The real estate market normally would be affected by swings in the local economy. The underlying economy is strong with unemployment low and demand for goods and services high. But lurking under the surface is a concern that has some economists a bit spooked. Workplace participation is plummeting, recent stats from the Dept. of Labor show only 61% of available labor is employed and roughly 11 million jobs remain unfilled. The trend is leaning towards a worsening rather than improvement. This is not sustainable and without some form of "intervention" a recession is inevitable. Service sector businesses have an abundance of demand that they logistically cannot serve due to supply chain issues and a lack of willing labor.
Typically this lack of employment would lead to a slowdown in market demand for homes. So far the saving grace for housing has been that new housing is suffering from the same labor and supply chain shortages causing a slowdown in new inventory, thus exasperating the tight inventory conditions and keeping home prices trending up, rather than down.

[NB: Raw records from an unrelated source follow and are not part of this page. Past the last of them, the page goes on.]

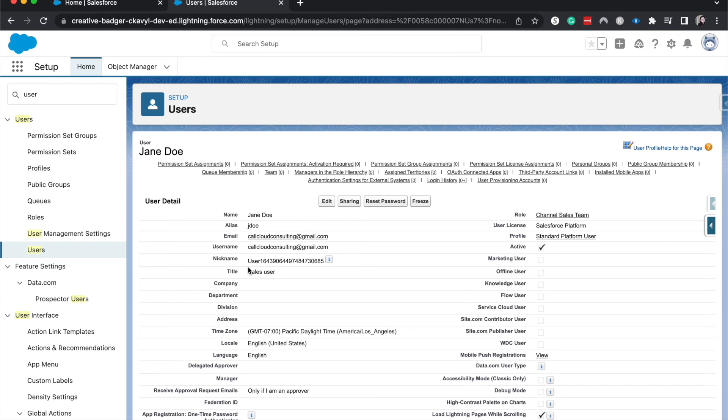Check out the courses down below on being user admin, getting ready for your F builder certification. You can join the email list at salesforceemily.com subscribe, like all those fun things, and I'll catch you guys in the next one.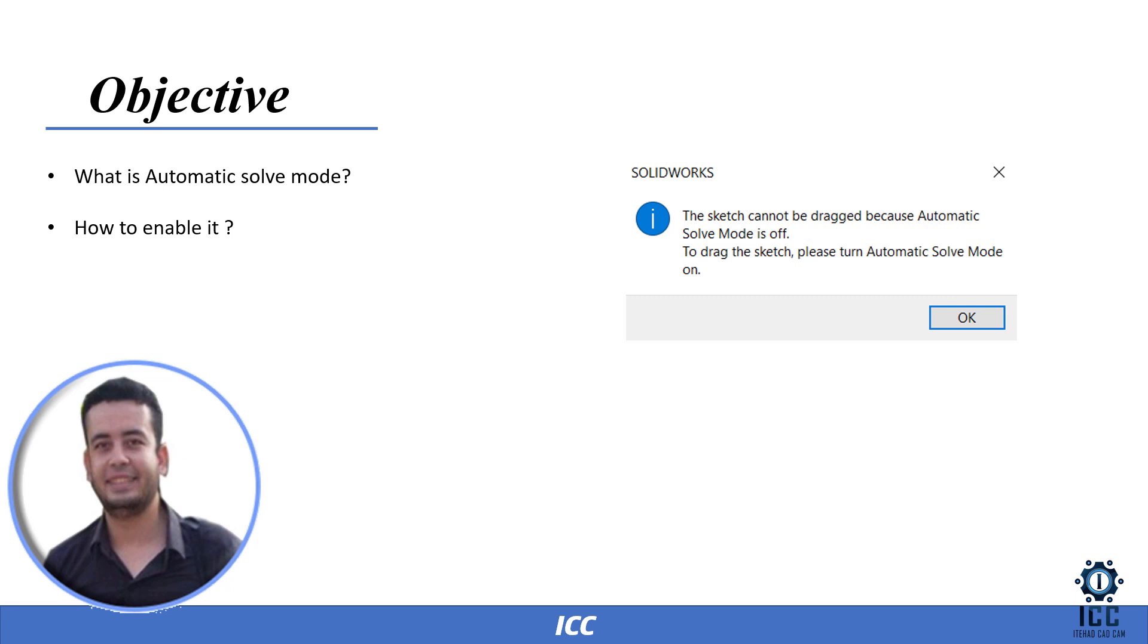Hello and welcome, this is Alin Osir, I'm a SolidWorks certified expert. Today our topic is about automatic solve mode.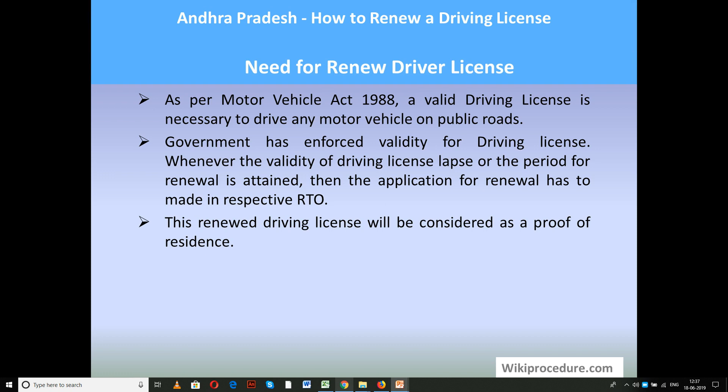Let us see the need for renewal of a driver license. A driving license is mandatory for driving your vehicle for the type you have obtained — without a valid license you cannot drive. Whenever the valid period elapses, you have to renew it. As per the Motor Vehicle Act 1988, a valid driving license is required for driving any motor vehicle on public roads. The renewed driving license will also be considered as proof of residence.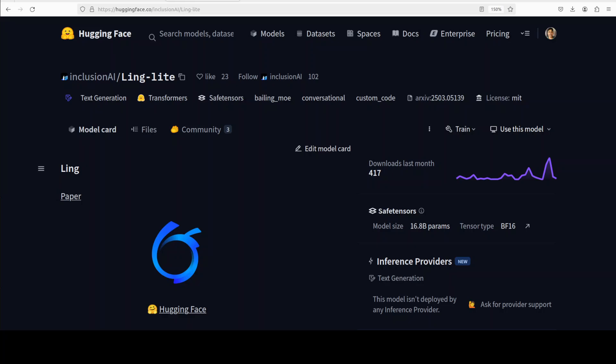Hi everyone, this is Fahad Mirza and I welcome you to the channel. In this video we are going to install Ling on our local system and then we will see how it works. Ling is an open-sourced AI large language model developed by Inclusion AI.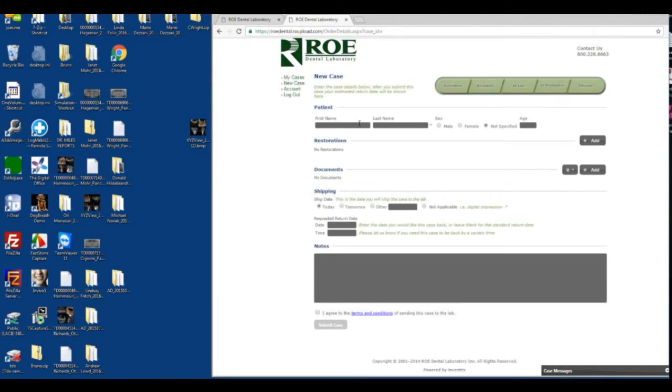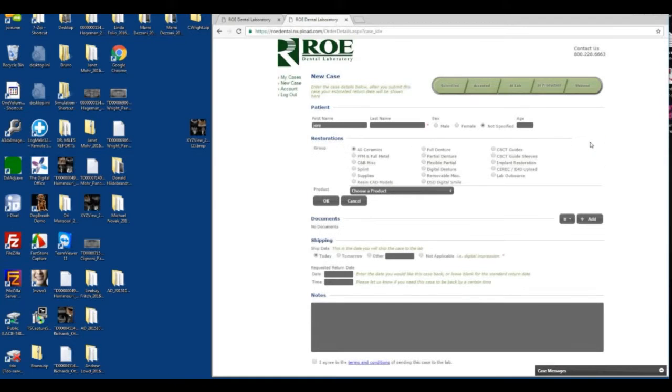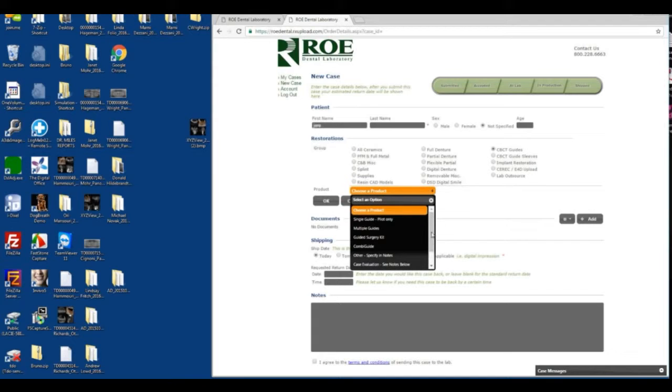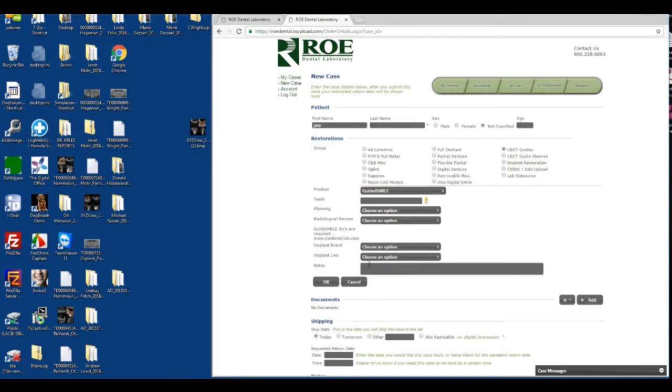We'll put in the patient's name, male or female, and age if you have it handy. Then you click add a restoration, CVCT guide, and you scroll all the way down. In this case we're doing a guided smile case.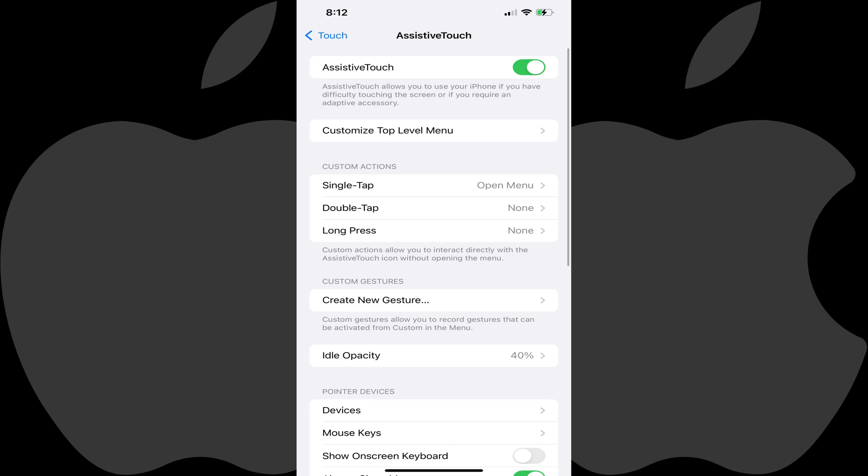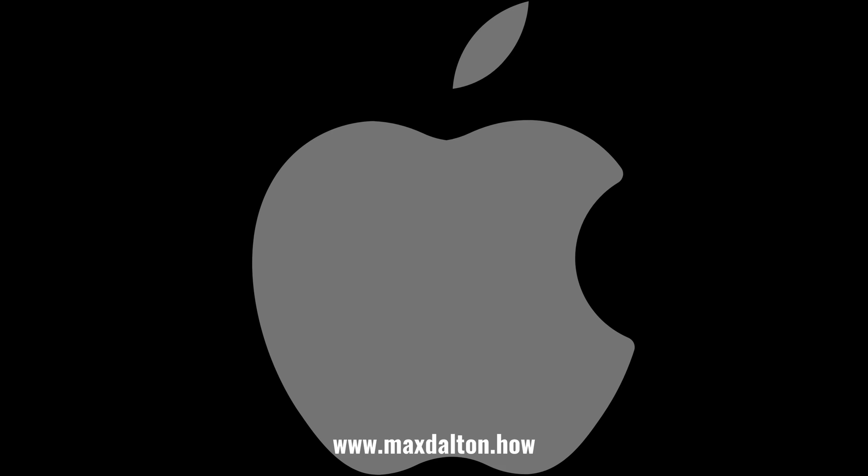Step 4: Tap to toggle off Assistive Touch. The Assistive Touch feature will be disabled, and you'll no longer see the gray circle on your iPhone or iPad screen.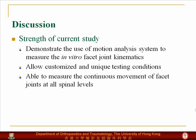For this testing method, we were able to demonstrate the use of an accurate motion analysis system to measure the in vitro facet joint kinematics. This system allowed us to customize and test unique conditions, and we were able to measure the facet joints continuously at all spinal levels.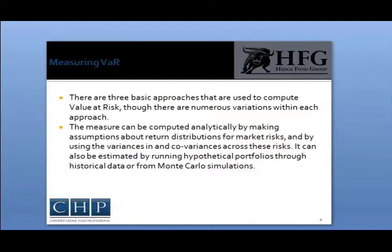Monte Carlo simulation is a class of computational algorithms that rely on repeated random sampling to compute their results. Monte Carlo methods are often used in simulating physical and mathematical systems, and these methods are most suited to calculation by computer.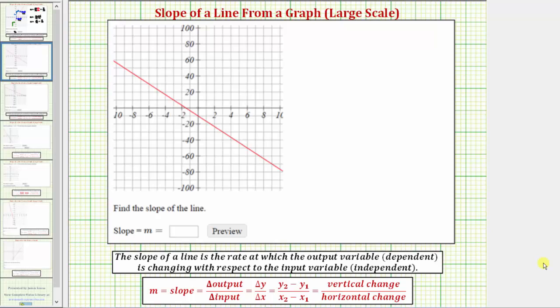In this example, we're given the graph of a line and asked to determine the slope. The slope of a line is the rate at which the output variable, often the y variable, is changing with respect to the input variable, often the x variable.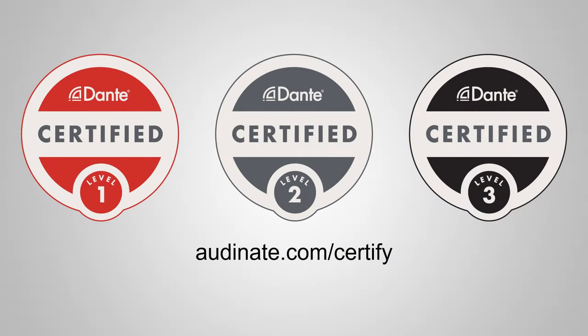This was a clip from the Dante certification program. To learn more, go to audonate.com slash certify.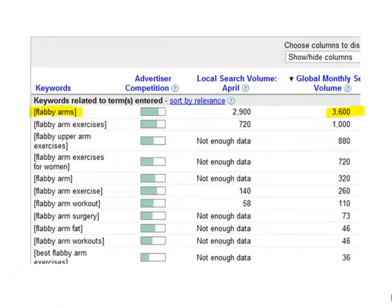For example, HP mini laptops. You will see a few things change here. Firstly, the keywords will now have square brackets around them. Secondly, the global monthly search volume should have decreased.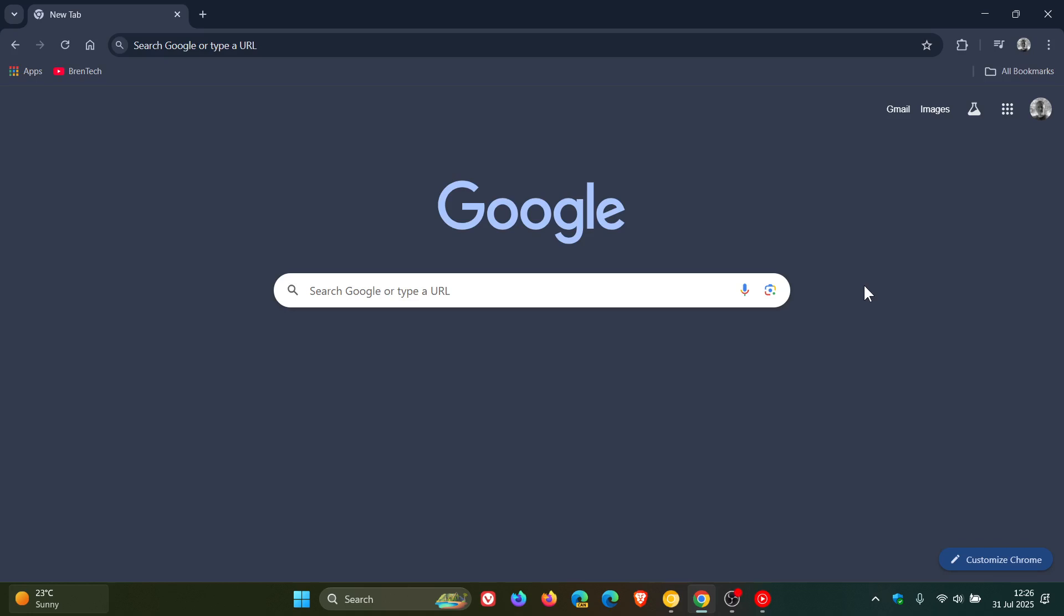Hi, Brent Tech here, where Tech is Made Simple. Google has rolled out the Early Stable update for Google Chrome 139, which is our next stable release.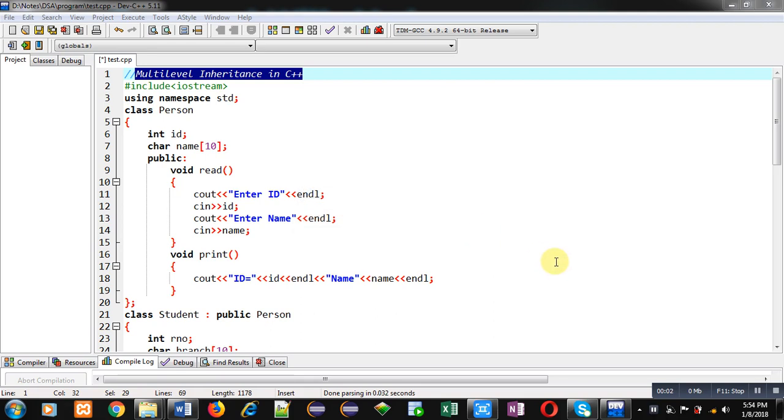Hello friends, I am Sanjay Gupta. In this video, I am going to demonstrate how you can implement multi-level inheritance in C++.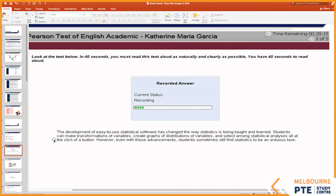Why fast? Whenever you try to read something fast, there are going to be certain points where you will hesitate. Those hesitation points are your problem areas. Whenever you hesitate on a word, stop there and read that word at least twice. Any part you hesitate on — stop and read it at least twice.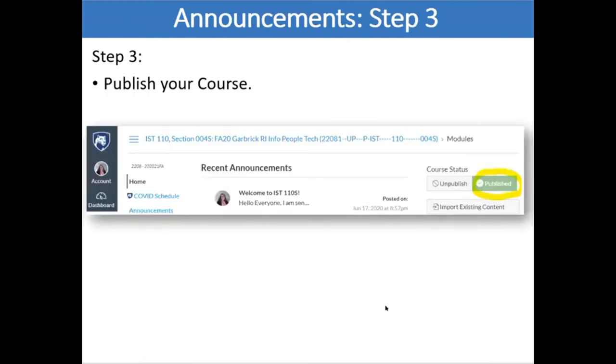Step Three is to publish your course, and that's done from the homepage. Go over and hit Publish, and in a few minutes I'll show you what the students see when you do that.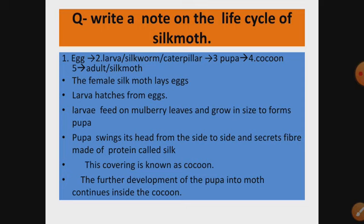The female silk moth lays eggs on the mulberry leaves. Larvae hatch from the eggs, feed on the mulberry leaves, and grow in size to form the pupa.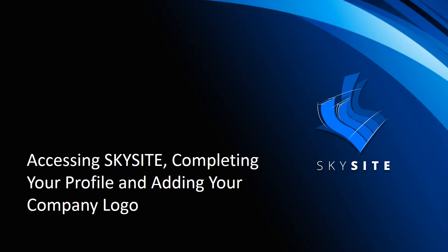Welcome to SkySight help and training. During this short video we'll discuss how to access SkySight, set up your profile, and add your company logo.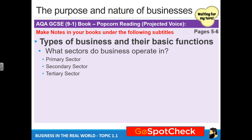What sectors do businesses operate in? Let's talk about the three sectors first, and then we'll talk about how they work. You need to consider that even though we're breaking it down to three sectors, some companies belong to only one, but other companies can belong to two out of the three — and in fact, there might be some companies that are so big they belong to all three. Let's look at the first one: the primary sector.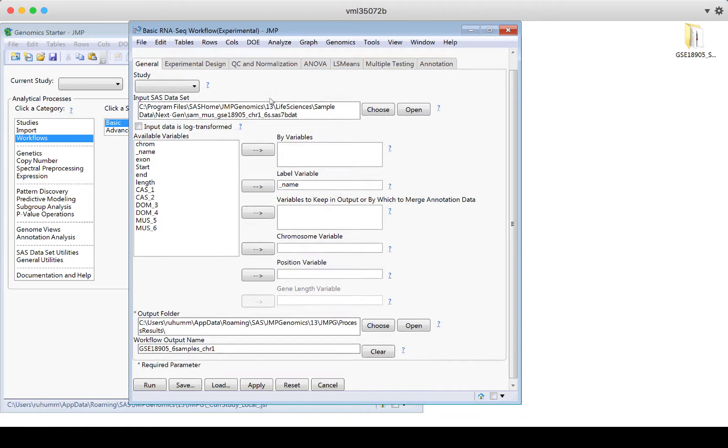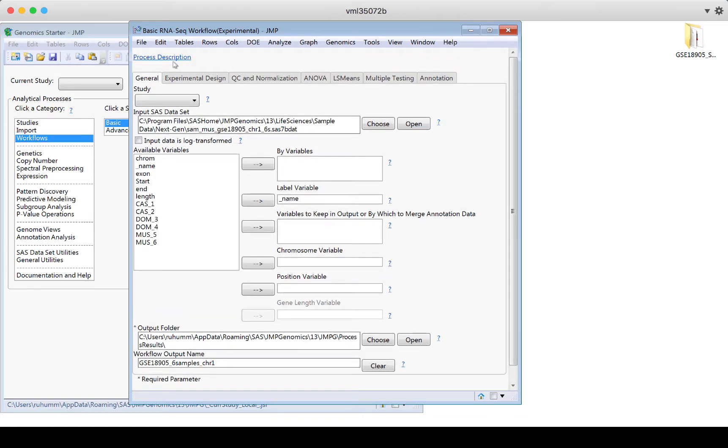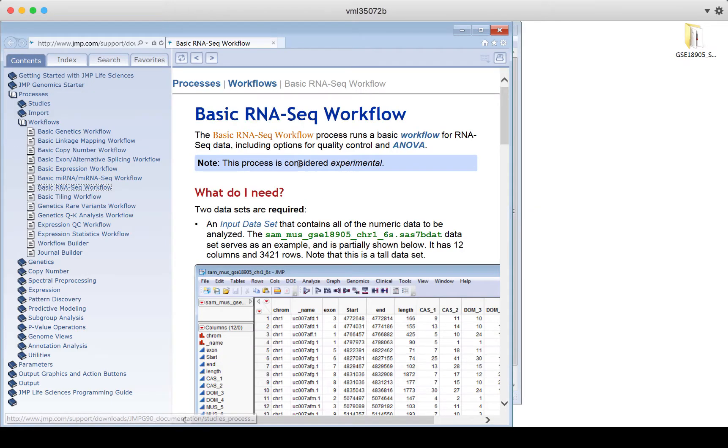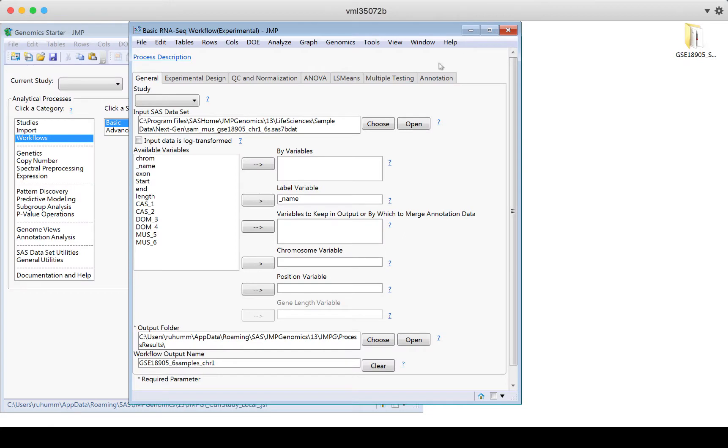Likewise, at the top, there's a process description button. This is another help that takes me to the whole RNA seek workflow. So if I click on process description, it's going to take me to that the big level of this entire platform. So the process description is a good way to get help. All the question marks are a good way to get help.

Government continues to coddle those that refuse to enter the workforce to take jobs that are now paying 15-25% over the typical wages pre-pandemic. Half of the homeless population on the West Coast could be working a full time job by the end of this month making enough money to house and feed themselves if only they had the initiative. The other half theoretically could be employed as well, but that half needs genuine help to either overcome drug addiction or mental health issues. Governments need to clean up homeless camps, offer the addicted and mentally ill real opportunity for help and kick the rest out. With no other option those that are able will in fact go to work. There is a basic human need to survive, but so long as camping on the street, begging in the park, and free money from the government continues to be viable, the problem of both homelessness and failing business in a roaring economy will continue until the suppression of local and national economics leads to recession.
If businesses fail because they cannot find employees to serve a major demand for their product or service, that is a government induced problem. There is no need to continue the excessive government payments to unemployed persons when 11 million jobs are out there waiting for workers. The bar is as low as it has been in decades for employability. Nearly anyone with a pulse can earn $15 an hour in our local market and that is enough to pay for half of a two bedroom apartment or to rent a comfortable room in rental house along with food and other necessities.
Until local government pulls its head out from that dark area in the aft section, homelessness, crime, and other social ills will continue. On the national front it is time for the feds to stop handing out money to people that do not need it. The moratorium on eviction and the increased unemployment payments although a bit too generous, made sense in April of 2020 when governments were forcing business to shut down under the threat of what was then a bit of an unknown threat from the COVID 19 virus. By February of 2021 the pandemic conditions were stabilizing and workplaces started to reopen in earnest. That is when the unemployment payment bonus should have stopped and the moratorium on evictions should have stopped shortly thereafter. But they did not. This is why we find ourselves in the most unusual of economic situations with a huge demand for goods and services and a complete inability to serve that demand.
If this economic stagnation continues, interest rates will rise and that will close the door to a large portion of the buyers, then prices will likely soften. If employment returns to pre-pandemic levels or at least close to it, the real estate market should continue to be very healthy. Therein lies the mystery... what will the government do?